I have read a few discussions about the difference between the Heisenberg model (using quantum spin operators) and Ising model (with spins $\pm 1$), notably this one or this Quora post.
All the responses seem to be of theoretical nature, highlighting, e.g., the difference in symmetry or the Mermin-Wagner theorem stating the Heisenberg model does have a phase transition at $d\leq 2$.
I am interested in practical aspects. Imagine I want to simulate some real material (let us consider a $3d$ lattice only). Even an undergraduate can write and run a Monte Carlo code simulating the Ising model a few hours. On the other hand, the Heisenberg model involves a true effort.
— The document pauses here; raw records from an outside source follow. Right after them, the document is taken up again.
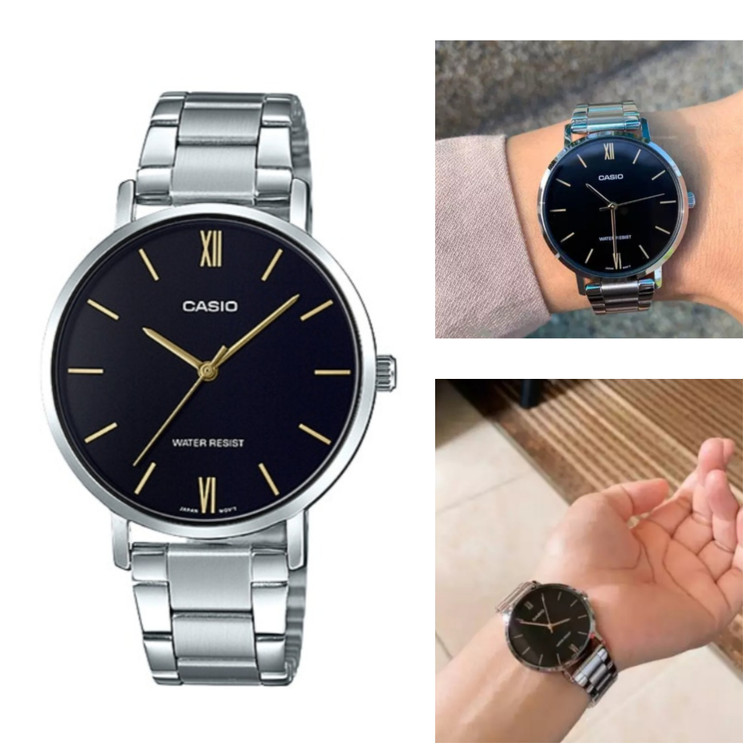 ساعت مچی زنانه کاسیو مدل CASIO-LTP-VT01D-1B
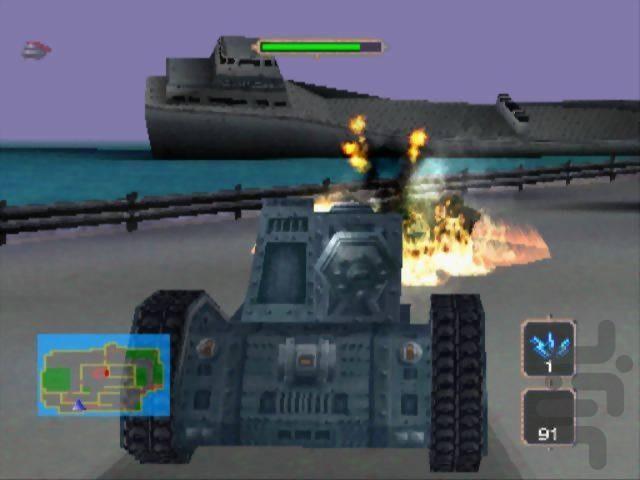 جنگ تانک ها پلی ۱ - عکس بازی موبایلی اندروید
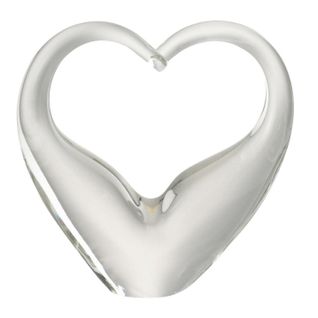 Presse-papier En Verre "cœur" 18cm Transparent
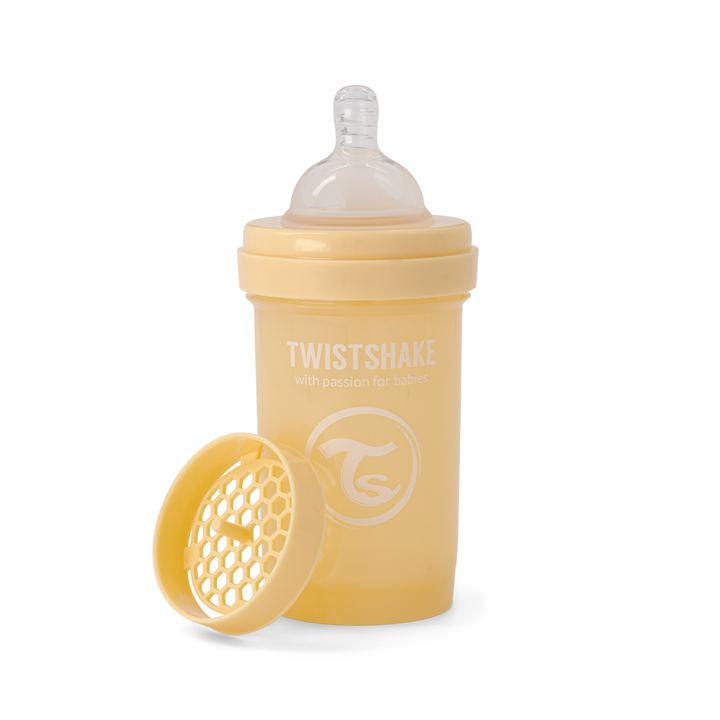 Twistshake Biberón Anti-Cólico 180ml Beige Caramelo para Bebés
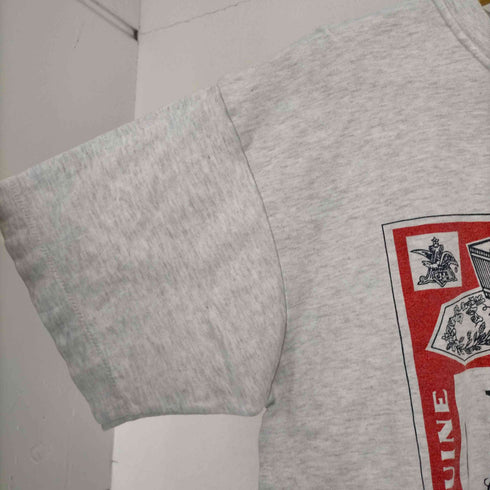 バドワイザー Budweiser 霜降り フロントプリントクルーネックTシャツ メンズ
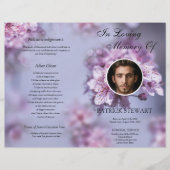 Vorlage für das Blumenbeerungsprogramm (Vorderseite)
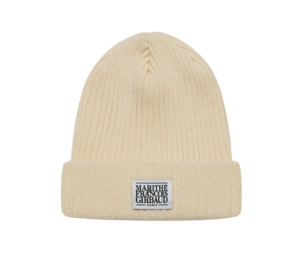 Marithe Francois Girbaud Classic Logo Beanie Beige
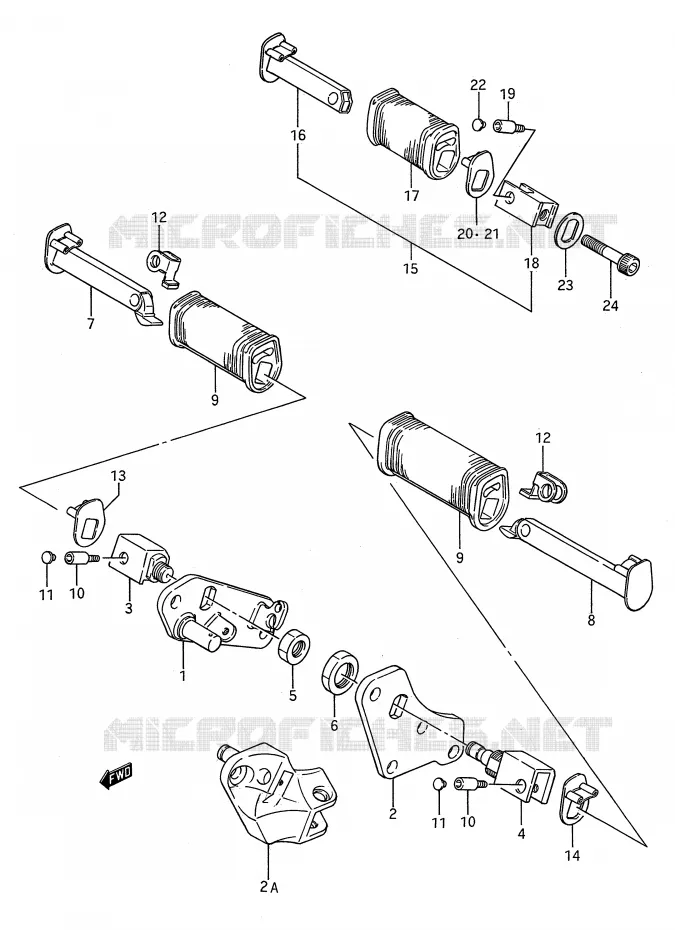 FOOTREST Suzuki MOTO 650 BOULEVARD 1989  LS650PK(E28)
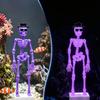 3D-печатный аквариумный танец Череп Украшение Динамический Скелет Пузырьки Подводный Ландшафт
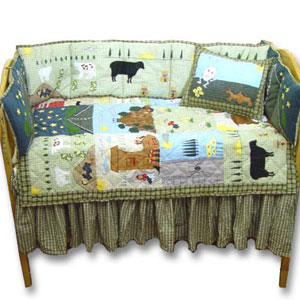 Out of Stock Rhyme Tyme 6 Piece Crib Bedding Set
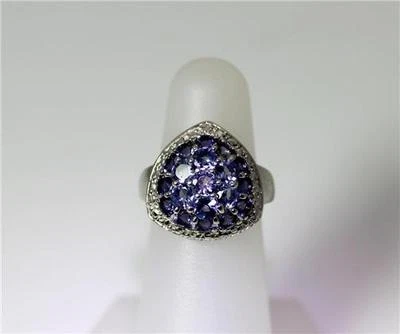 Hermoso anillo grande de plata esterlina con cúpula de iolita talla 5 – 8042 Foto 1 de 4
Writing it requires immense knowledge, intuition and skill (constructing the Hamiltonian and total spin operators and computing the expectation values), and running it demands powerful computers even for a fairly low number of atoms and approximation schemes (see this review of methods).
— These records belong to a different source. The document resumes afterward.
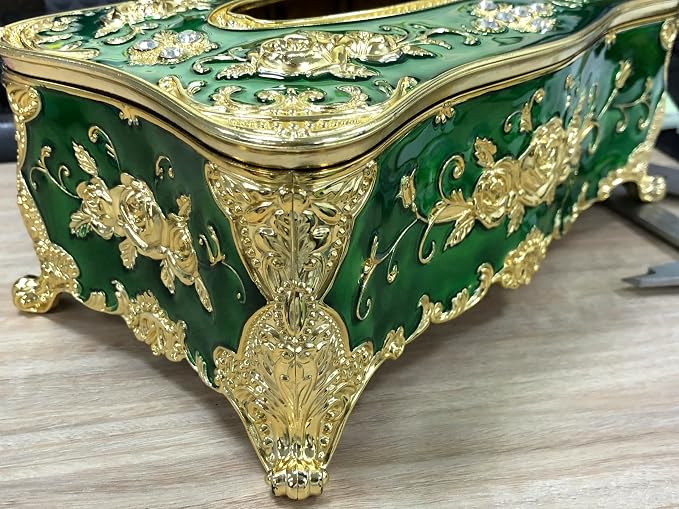 9.45"x5.43"x3.94" Luxurious Rose Tissue Box - Image 2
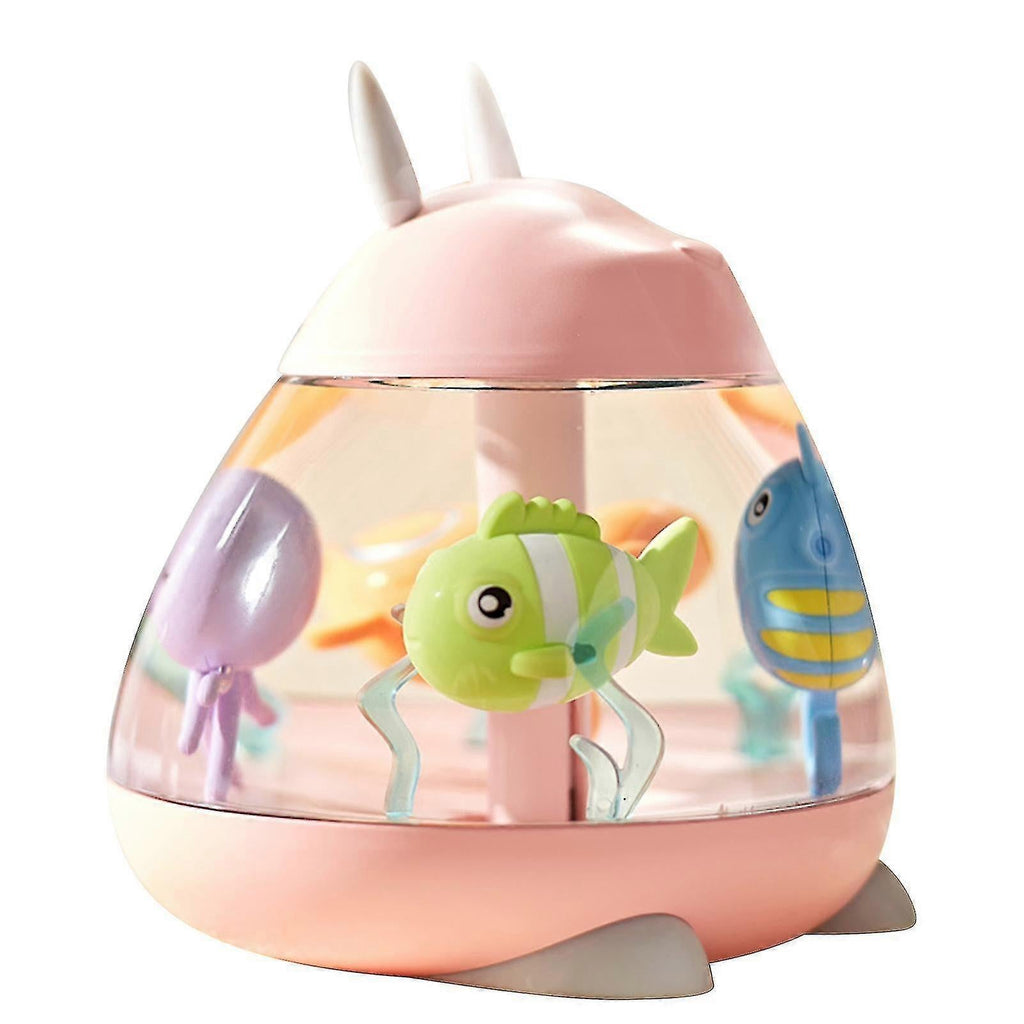 Portable USB Desk Humidifier, Silent Mini Mist Maker for Home, Travel, Office
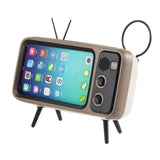 2-in-1 Retro TV Bluetooth Speaker & Phone Holder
Given the amount of effort, what is the justification for using the quantum Heisenberg model? What new vital features observed in experiment does it provide? If any, can they not be reproduced by the Ising model with vectorised but classical 3D spins, $-J \sum_{\langle ij\rangle} \mathbf S_i \cdot \mathbf S_j$?
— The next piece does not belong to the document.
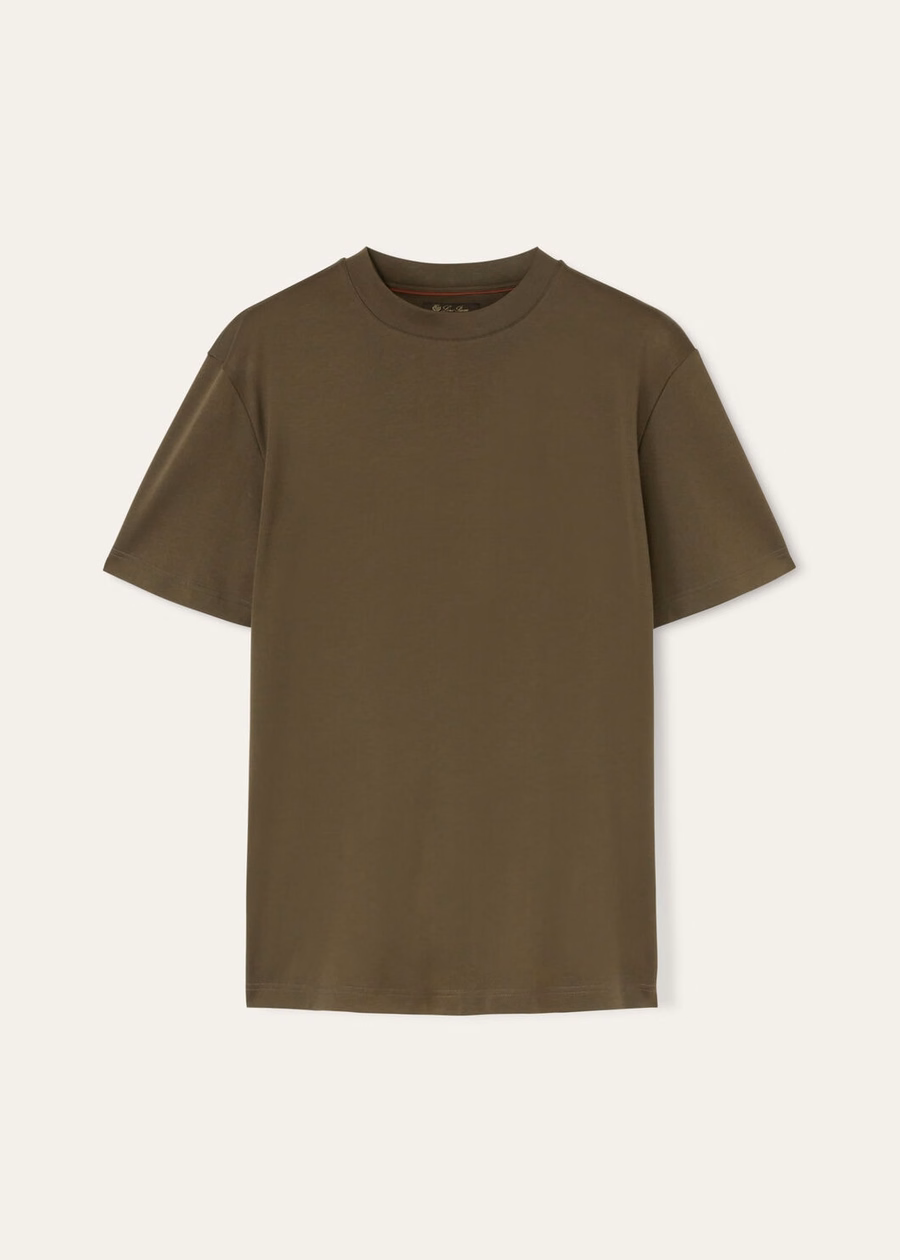 Ray Cotton T-Shirt Charcoal Green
Edit: To clarify that what I am trying to figure out is different from this question, I am not interested in theoretical features, but in practical/experimental results in three dimensions. That is, to what extent do Heisenberg/Ising models correctly predict:
- critical exponents of magnetisation, heat capacity and susceptibility,
- collective excitations (can these be captured by 3d Ising model?),
for a range of ferromagnetic materials, and where do they fail?